A cavalry charge is a magnificent spectacle, and there has been no shortage of images, films and models attempting to capture the splendour of the scene, as hundreds of men and horses thunder along, making the ground shake and installing fear in their opponents. Such a charge may have seemed unstoppable, but in fact close-packed ranks of horsemen made excellent targets for artillery, and once within musket range, men and horses would fall all around, bringing some chaos to the ranks. The standard response to a cavalry charge was for infantry to form square, presenting a continuous hedge of bayonets that would keep the horses at bay and leave the riders struggling to even reach the soldiers within. If the square held firm, and the cavalry were unsupported, then there was usually not much the horsemen could do, and the best-known example of this is the battle of Waterloo. On that day, thousands of the best cavalry in Europe repeatedly charged the allied position, where much of the infantry was made up of raw recruits with little battle experience. Yet their officers kept them firm, and the result was, as the title of this set suggests, a disaster for the French cavalry, which suffered great losses and achieved nothing except to waste time, which Napoleon could not afford with the approach of the Prussians. Few cavalry sets in this hobby depict anything other than a well-ordered charge – this one from Linear-A brings us closer to the reality.
This is a complex set with many elements, and those are identified by the back of the box (although some strange painting choices there do not help). We will break it down into each type and discuss them separately.
Our first row shows dragoons, with each man having suffered some form of mishap. The first is lying on the ground, clutching at a possible wound to his lower abdomen, and the second should be imagined mounted on the horse to his left. That horse is toppling forward, and the rider is being propelled over the top of the horse’s head as it falls. The last figure is simply a casualty, lying on the ground. All the poses are good, but the falling rider cannot be made to sit on the saddle thanks to the long tails of his coat. However, in this case it does not matter, since he is being thrown out of his saddle anyway, so in fact the effect is really good as he faces the piece of ground he is about to hit very hard. All three wear a uniform of coatee with long tails, cut-away front and simple shoulder straps. The helmets are the usual design, with no plumes, and everything is nicely done. From 1812 the line dragoons began to replace their coatee with the habit-veste, which was closed to the waist and had much shorter tails, but none of these men wear this. It is possible that the old style may still have been worn by a few at Waterloo, but Guard dragoons kept the old style of coat until after Waterloo, so these make perfect dragoons of the Guard. The helmet is more of the style of the line than the Guard, but the differences are small, and in the rush to equip a new army in the runup to the Waterloo campaign such compromises seem perfectly likely.
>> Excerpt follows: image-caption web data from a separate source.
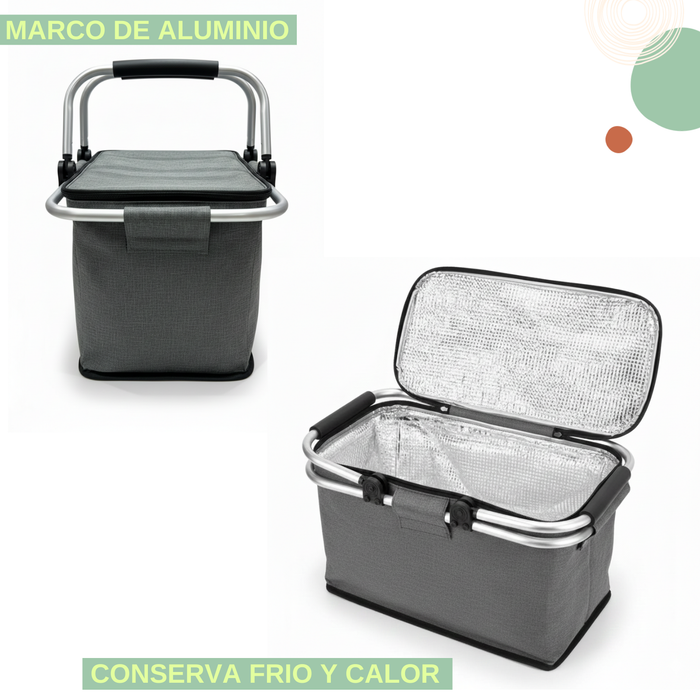 Canasto Picnic Cooler Bolso Térmico Plegable Portátil Gris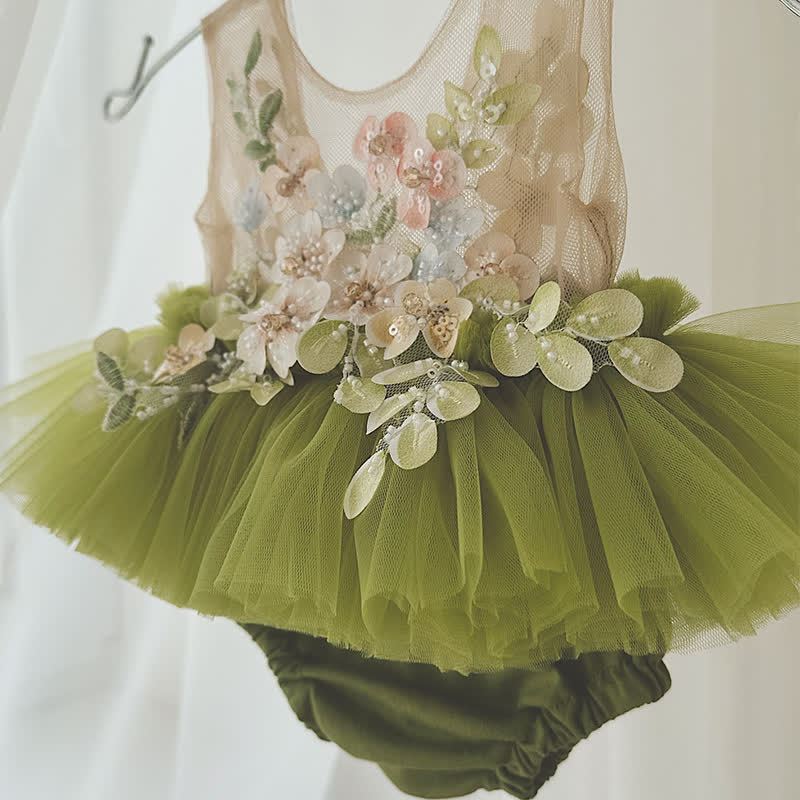 Mesh Applique Sleeveless Shorts Bodysuit - image 9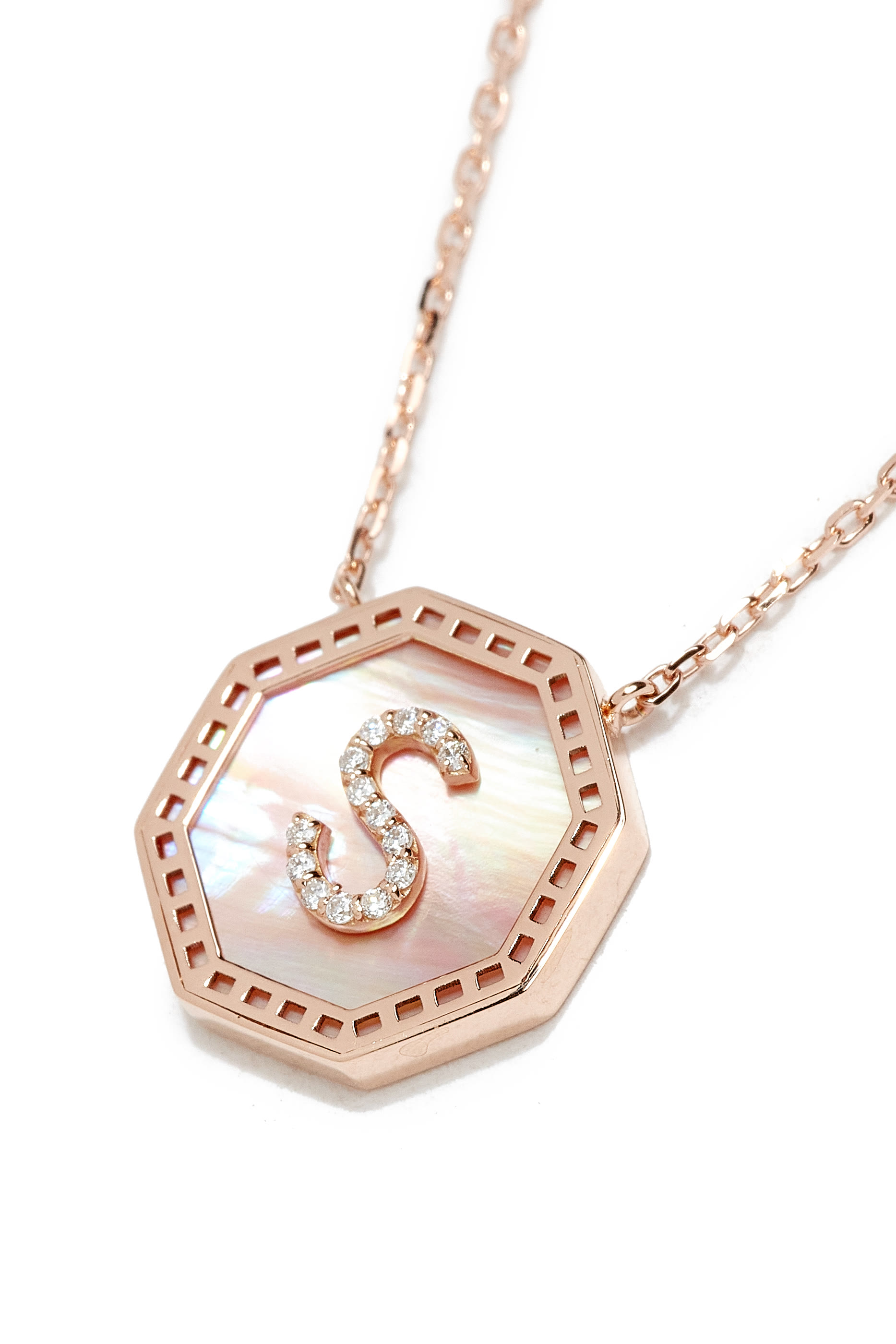  Harf Turath Letter A Pendant Necklace, 18k Rose Gold, Diamonds  Mother of Pearl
So all of these men are correctly uniformed and in interesting and realistic poses.
Our second row moves on to the figures labelled as carabiniers. Here too we find three poses of men in trouble, starting with the first, who appears to have just landed from a fall and still has one leg in the air (or perhaps still has one foot caught in a stirrup). Beside him, the second figure should be seen mounted on the horse beside him, which is sinking back on its hind legs, and as the man too is leaning backwards, the total effect is of either the rider taking a hit to his body, or of an explosion in front of both man and horse, throwing them backward. Another really well-done pose, as is the last, a simple one of a dismounted carabinier without his sword and holding his arm, again implying an injury there. By Waterloo the carabiniers had much the same short-tailed uniform as the cuirassiers, apart from the helmet, and this is correctly done here, although they do not seem to be wearing coveralls over their breeches, which is a bit of a surprise. The crested helmet is very well done, especially on the second figure, since he almost faces the mould. Because the last man has no helmet, he could equally serve as a cuirassier simply by changing the paint colours, which is useful.
Row three contains the cuirassiers, and here we have one man on foot, apparently in the act of surrendering, and a second lying on his back on the ground. Cuirassier charges are always a popular subject for models, and are something of an iconic image of the battle of Waterloo, so although there have been a handful of dismounted cuirassiers modelled before (Airfix and Esci, take a bow), it is great to see such cuirassiers here. What is more, since he has lost his helmet, the first of them can equally be painted as a carabinier. The uniform is all correctly done for the Waterloo campaign, and we were pleased to see one man still has his musketoon attached to his sling.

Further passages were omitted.